To Dawson, the acquisitions show that Microsoft has acknowledged its prior failures in building compelling service-agnostic apps that run on rivals' platforms, and has realized that it must do that faster than it could create them in-house. "Microsoft probably could develop some of these apps on its own. But it would take a long time and Microsoft clearly doesn't think it has that time," Dawson wrote on Tech.pinions.
Also in play is the company's long-standing cultural preference for creating on Windows, with little if any thought to other platforms, even if those have the vast bulk of the mobile device market. Buying smaller companies with proven expertise in building Android and iOS apps lets Microsoft sidestep the Windows-first attitude that still dominates its engineering staff.
"[These acquisitions] shouldn't trigger despair but hope on the part of those who have faith Microsoft will do better," Dawson wrote. "That Microsoft is willing to accept it perhaps doesn't have the wherewithal to create these products, given the people and assets it has, is a positive sign, not a negative one, at this point."
Like Acompli, Sunrise not only comes in editions that run on both Android and iOS, but also taps into a variety of services from rivals, not just Microsoft's own Exchange, still the standard for businesses. Sunrise, for example, gathers appointment data from Google's and Apple's calendar services, as well as Exchange. It also pulls in reminders, events and to-dos from the likes of Evernote, Facebook and Todoist.
The true test for Microsoft, said Dawson, will be how well it expands the footprint of the acquired technologies and user experiences beyond mobile and onto the desktop. That's necessary to make good on Microsoft's expressed plan to create software that works, looks and operates similarly on all devices, on all platforms.
Dawson cited the Mac edition of Office as the old Microsoft, which favored Windows and only begrudgingly created a suite for OS X, one that most saw as sub-standard. With Windows' share of all devices rapidly falling as iOS, and especially Android, dominate smartphones and tablets -- and as Windows-powered personal computer sales slump or at best stall -- Microsoft cannot afford that thinking: Apps on rival operating systems must be top-notch, not simply adequate.
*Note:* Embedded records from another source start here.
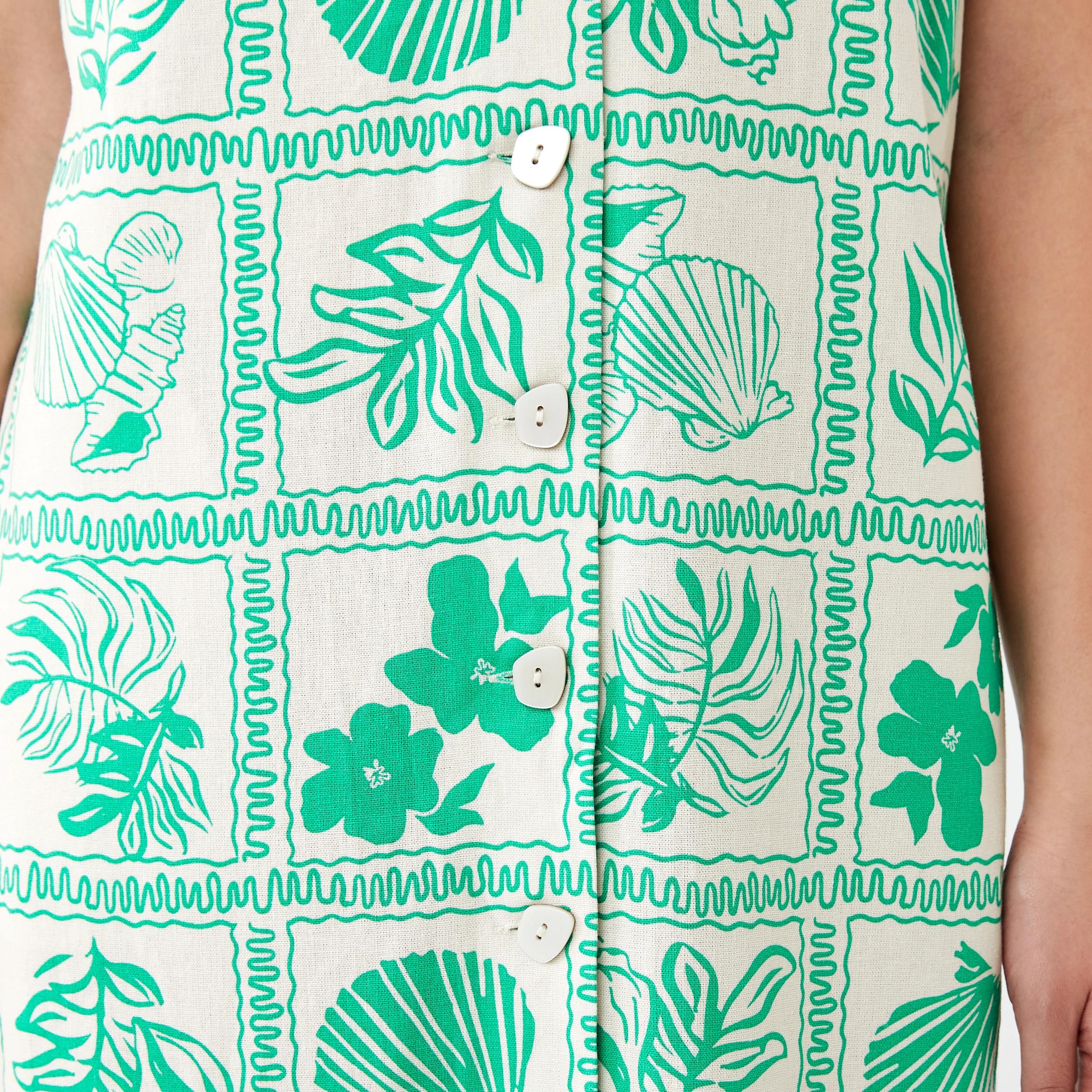 7 Sleeveless Longline Button Through Midi Dress SHELL GEO SIMPLY GREEN, 7 of 9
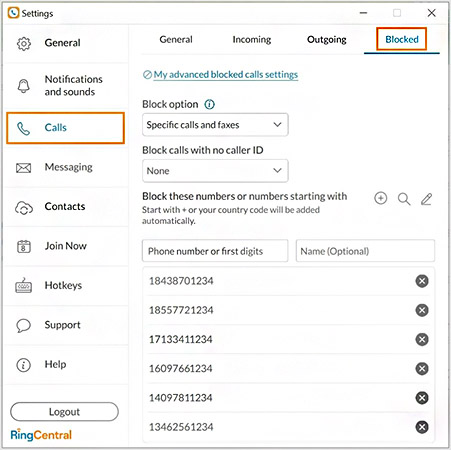 RingCentral's advanced call blocking interface where the calls category is highlighted.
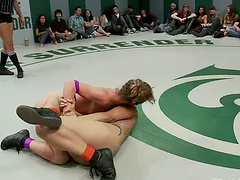 Four nasty girls wrestle on tatami and eat each other's cunts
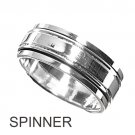 925 Solid Sterling MEN'S 8MM SPINNER RING 925 Solid Sterling Silver Band Size 8-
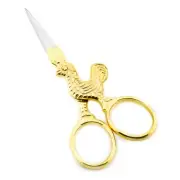 3.5" Rooster Bird Scissors Gold Plated Chicken Shaped Needlework Scissor Small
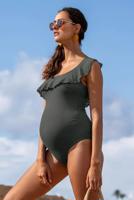 Khaki těhotenské plavky s volánem Bloom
The question remains, however, what Microsoft hopes to get out of spending millions on acquisitions like Acompli and Sunrise which fancy Android and iOS, not Windows.
The answer so far as been Office 365, particularly the business-grade subscription plans. To use the Android and iOS Outlook apps for work, users must have an Office 365 subscription through their employers. Making Outlook even more compelling by adding Sunrise to its calendar functionality would, under that theory, prompt more people to use the app for work, thus pressing businesses to adopt Office 365 or expand the number of seats under its licensing.